Adds the given environment key and and value to the list of launch environment.

Parameters
  • key – environment key to add to the launch environment.

  • val – environment value associcated with the key to add to the launch environment.

addPrereq(job: schrodinger.job.queue.BaseJob)

Add a job that is an immediate prerequisite for this one.

cancel()

Send kill request to jobcontrol managed job. This method will eventually deprecate JobControlJob.kill

cancelSubmitted(do_license_check: bool = False) schrodinger.job.queue.CancelSubmittedStatus

If the job is still in the ‘submitted’ state, cancel it, purge the jobrecord and set the job handle to None. This tries to acquire licenses for the job before canceling from the queue if do_license_check is turned on.

Parameters

do_license_check – Acquire licenses for the job before canceling from the queue.

Returns one of the status of CancelSubmittedStatus.

doCommand(host: str, local: bool = False)

Launch job on specified host using jobcontrol.launch_job().

Parameters
  • host – Host on which the job will be executed.

  • local – Removed in JOB_SERVER.

finalize()

Clean up after a job successfully runs.

genAllJobs(seen: Optional[Set[schrodinger.job.queue.BaseJob]] = None) Generator[schrodinger.job.queue.BaseJob, None, None]

A generator that yields all jobs connected to this one.

genAllPrereqs(seen=None) Generator[schrodinger.job.queue.BaseJob, None, None]
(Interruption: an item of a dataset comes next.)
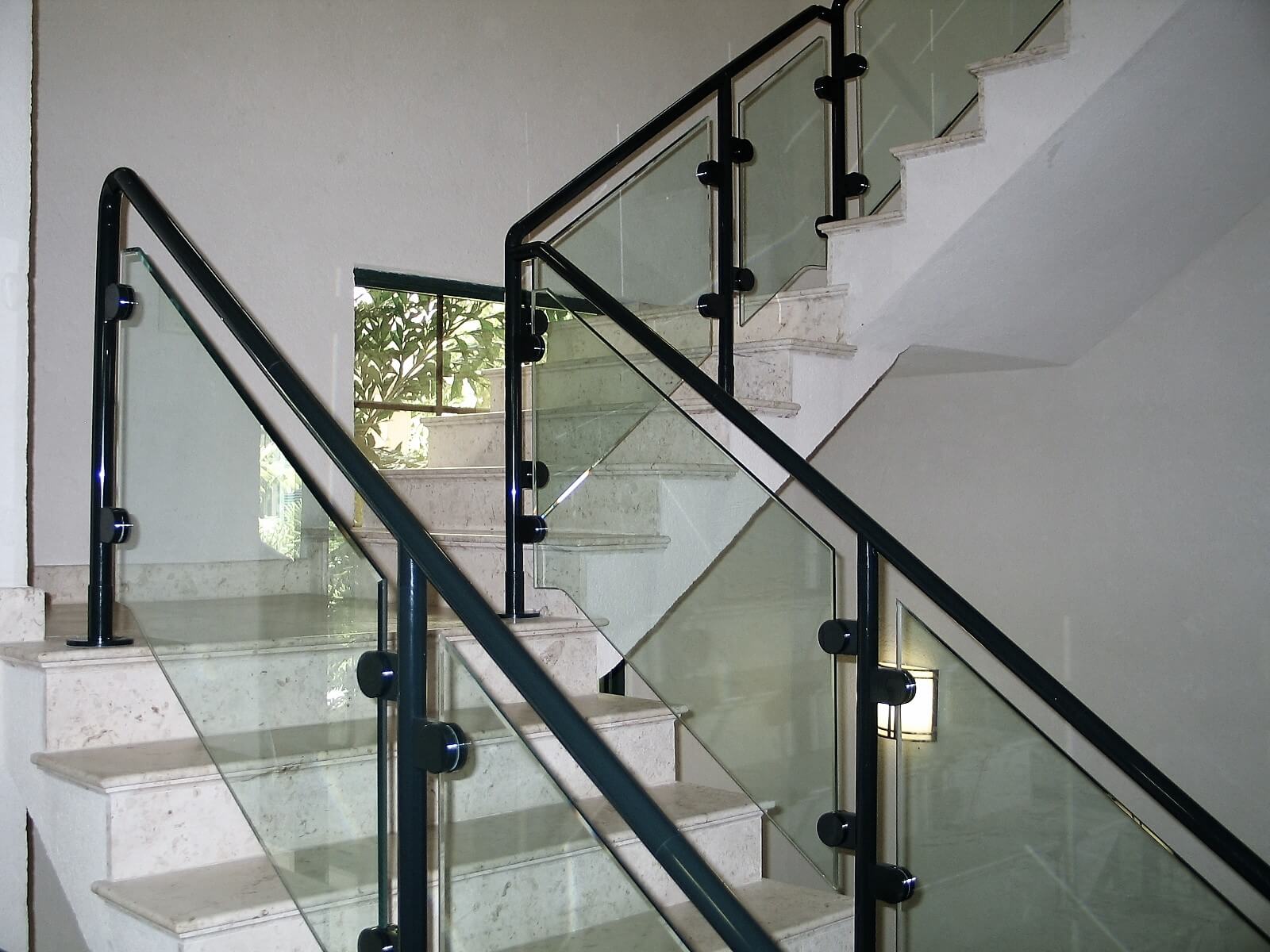 Stanford Bank, Antigua, HEWI guardrail surface mounted with clear glass infill panels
A generator that yields all jobs that are prerequisites on this one.

getCommandDir() str

Return the launch/command directory name. If None is returned, the job will be launched in the current directory.

getDuration() Optional[int]

Return the duration of the Job as recorded by job server. The duration does not include queue wait time.

If the job is running or has not launched, returns None.

Note that this method makes a blocking call to the job server.

getJob() Optional[schrodinger.job.jobcontrol.Job]

Return the job record as a schrodinger.job.jobcontrol.Job instance.

Returns None if the job hasn’t been launched.

getJobDJ() schrodinger.job.queue.JobDJ

Return the JobDJ instance that this job has been added to.

getPrereqs()

Return a set of all immediate prerequisites for this job.

getStatusStrings() Tuple[str, str, str]

Return a tuple of status strings for printing by JobDJ.

The strings returned are (status, jobid, host).

hasExited() bool

Returns True if this job finished, successfully or not.

hasStarted() bool

Returns True if this job has started (not waiting)

init_count = 0
isComplete() bool

Returns True if this job finished successfully

kill()

Send kill request to jobcontrol managed job

postCommand()

A method to restore things to the pre-command state.

preCommand()

A method to make pre-command changes, like cd’ing to the correct directory to run the command in.

retryFailure(max_retries: int = 0) bool

This method will be called when the job has failed, and JobDJ needs to know whether the job should be retried or not.

JobDJ’s value for the max_retries parameter is passed in, to be used when the job doesn’t have its own max_retries value.

Return True if this job should be retried, otherwise False.

run(*args, **kwargs)

Run the job.

The steps taken are as follows:
  1. Execute the preCommand method for things like changing the working directory.

  2. Call the doCommand to do the actual work of computation or job launching.

  3. Call the postCommand method to undo the changes from the preCommand that need to be undone.

runsLocally() bool

Return True if the job runs on the JobDJ control host, False if not. Jobs that run locally don’t need hosts.

There is no limit on the number of locally run jobs.

setup()

A method to do initial setup; executed after preCommand, just before doCommand.

property state: schrodinger.job.queue.JobState

Return the current state of the job.

Note that this method can be overridden by subclasses that wish to provide for restartability at a higher level than unpickling BaseJob instances. For example, by examining some external condition (e.g. presence of output files) the state JobState.DONE could be returned immediately and the job would not run.

update()

Checks for changes in job status, and updates the object appropriately (marks for restart, etc).

Raises

RuntimeError – if an unknown Job Status or ExitStatus is encountered.

usesJobServer() bool

Detect, by looking at the jobId, whether this job uses a job server.